O site foi criado em 2020 por Gisele Navarro e seu
marido, após uma década de experiência escrevendo sobre produtos para melhorar
a qualidade do ar em ambientes internos.
O casal encheu o porão com purificadores, realizou
testes científicos rigorosos e escreveu artigos para ajudar os consumidores a
analisar se o marketing desses produtos era exagerado.
O HouseFresh é um exemplo de uma indústria próspera
de editores independentes que produzem exatamente o tipo de conteúdo original
que o Google diz querer promover.
E, de fato, pouco tempo após o lançamento do site,
o gigante da tecnologia começou a apresentar o HouseFresh entre as primeiras
páginas que apareciam após a busca sobre o tema.
O site se tornou um negócio próspero com 15
funcionários em tempo integral. Navarro tinha grandes planos para o futuro.
No entanto, em setembro de 2023, o Google fez uma
série de atualizações no algoritmo que alimenta seu mecanismo de busca.
"Isso nos dizimou", diz Navarro. "De
repente, os termos de busca que costumavam mostrar o HouseFresh agora levam as
pessoas a grandes revistas de estilo de vida que claramente não testam os
produtos. Os artigos nesses sites estão cheios de informações incorretas."
A segunda atualização do algoritmo do Google
ocorreu em março passado e foi ainda mais drástica. Os milhares de visitantes
diários do HouseFresh foram reduzidos a apenas centenas.
"Ficamos absolutamente arrasados", diz
Navarro.

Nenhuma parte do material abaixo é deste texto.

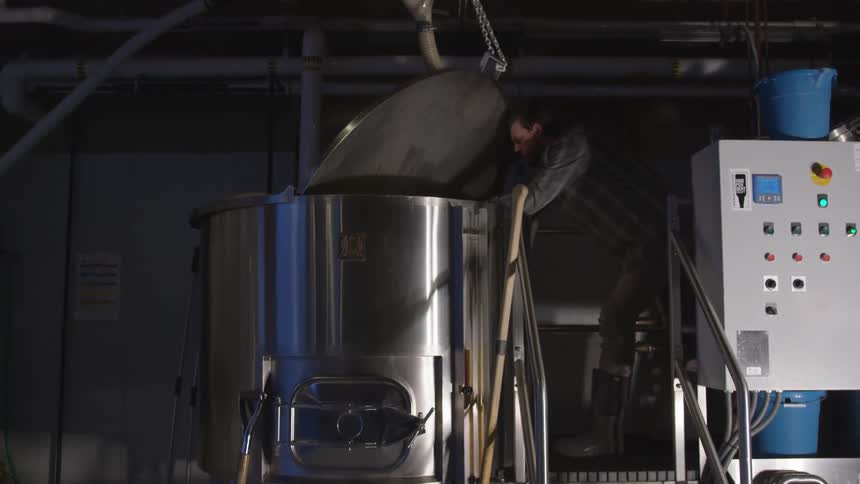 A man leans over a large vat in a brewery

Nas últimas semanas, o HouseFresh teve que demitir a maior parte de
sua equipe. Se nada mudar, afirma a criadora, o site está fadado ao fracasso.
Apenas o começo
Um porta-voz do Google disse à BBC que a empresa só
faz alterações nos mecanismos de busca após realizar testes rigorosos que
confirmem que serão úteis para os usuários.
Ele também observou que a empresa fornece aos
proprietários de sites ajuda, recursos e oportunidades para feedback.
O Google mantém firme sua posição de que as
mudanças serão benéficas para as buscas e que o novo algoritmo é apenas o
começo.
Na semana passada, o CEO do Google, Sundar Pichai,
anunciou na conferência anual de desenvolvedores da empresa um dos movimentos
mais significativos na história do mecanismo de busca.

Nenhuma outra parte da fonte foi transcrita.